全てについて
おどろよタンゴって感じの夜だった。三つ数える前に、天国!!
『この小説が書かれた季節と一文目の内容から、筆者はタンゴに対して何か重大な勘違いをしていることが分かる。』そんなつまらない批判内容をかき消すようにして、画面上部から絞り出されたケチャップがドアップで盛りつけられるシーン。カメラを引いていき、ケチャップの持ち主であるその女はなんだかとても低血圧な顔をしていた。新品だった一本を丸々空にしてしまう。その瞬間まで実につまらなそうな表情をしていた。
僕はというと、部屋ででかい蝿と格闘していたんだ。両手にクイックルワイパーを構えて、ひたすらに大蝿とのにらみ合いが続く。蝿の目には黒い部分がないせいか、あまり睨まれている感じがせず、むしろ口元の触覚の向きによって睨まれていることを直感させられていた。だがそうであっても、人間である僕はどうしても慣習的に、眉間を睨み続ける以外に、相手を睨みつける方法を知らないのだった。そしてクイックルワイパーの柄を強く握りしめる。果たしてその効果があったのか無かったのか、僕と大蝿との静かな格闘は永遠のラッピングを施されたあと日の沈む地平線の彼方へと部屋ごと弾き飛ばされてしまった。
ケチャップの低血圧の女の元へ戻る前に、僕にはどうしても寄っておきたい場所があった。後回しにしてもいいのだけれど、念のため寄っておこうという話に僕を含めた二者は落ち着くと、月のでかい午後11時にレンタカーのエンジンを始動させる。ケチャップの低血圧の女に会う際にはできる限りの注意を払っておく必要がある。だから今ある心残りを無くしておくことで、女と対峙したときの僕らが生存している確率が少しでも高まることを期待していた。半ば投げやりな気持ちが、僕を含めた二者間にムードとして漂って、車内はカーラジオから流れる音だけが頼りだった。
待ち合わせは小さなガソリンスタンドの側で行われた。僕は車を任せてガソリンスタンドの方へ向かうと、すでに明かりの中で相手が待っていた。僕は勇気を振り絞り、かつての恋人へ自分から声をかける。
「ひ、久しぶり。」
ここで記憶は途切れ、再び意識が戻ったのは頬に残っている痛みが開いた窓から入る外気によって冷却されるころ、僕は月明りだけの暗い部屋で絨毯の上に倒れていた。酷いほど重くなった手足を曲げることすらままならず、自分の慎重な呼吸音と恋人の遠くでぼやくような声だけがそっと耳に入りこんでくる。「はーきしょ。ほんと嫌悪感えぐ。もう帰るからお前もてきとうに帰れよ。」ドアの閉まる音を確認したあと、僕はこのまま少し眠ろうと目を閉じた。
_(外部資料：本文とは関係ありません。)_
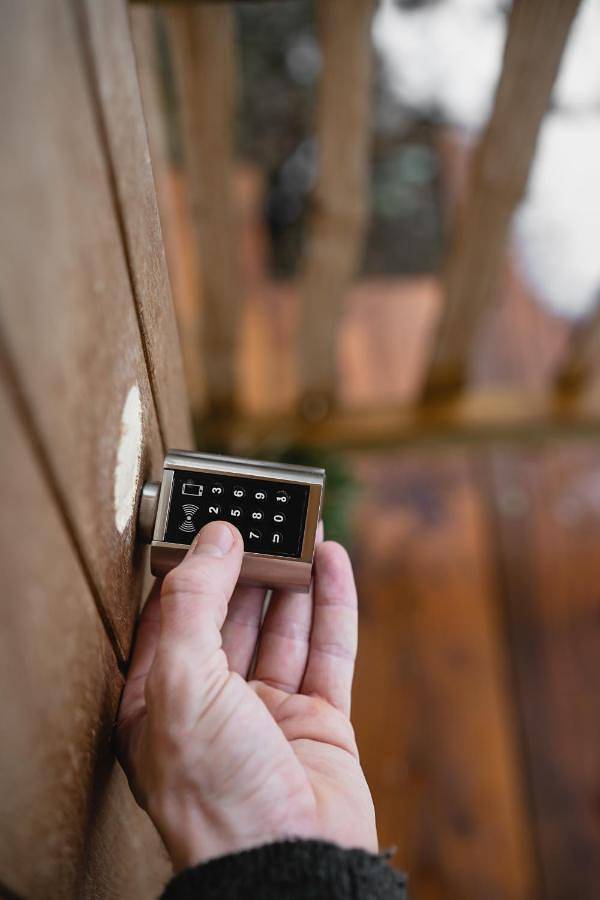 La Cabane Ofuro in Celles (Houyet), Houyet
僕がガソリンスタンドで車を降りてから戻ってくるまでにどのくらいの時間が経ったのかは分からないが、部屋を出てみると駐車場に停まっている一台の車がヘッドライトを照らして反応をくれた。すでに向こうも用事を済ませてきたあとらしい。僕はすぐさま助手席へ乗り込む。カーナビで目的地をケチャップの低血圧の女に設定する。今僕を含む二者の間は深夜にしかあり得ない静かな活気によりわずかだが揺れている。僕らは車の進行方向をアスファルトの直線道路から徐々に吊り上げ、単なるレンタカーでは到底不可能な自由飛行を駆使し、女の待っている月へと秒単位で加速しながら向かっていった。ケチャップの低血圧の女。月面にはファミレスの明かりが灯っていた。
12/10 誤字報告を受け修正しました。感謝です。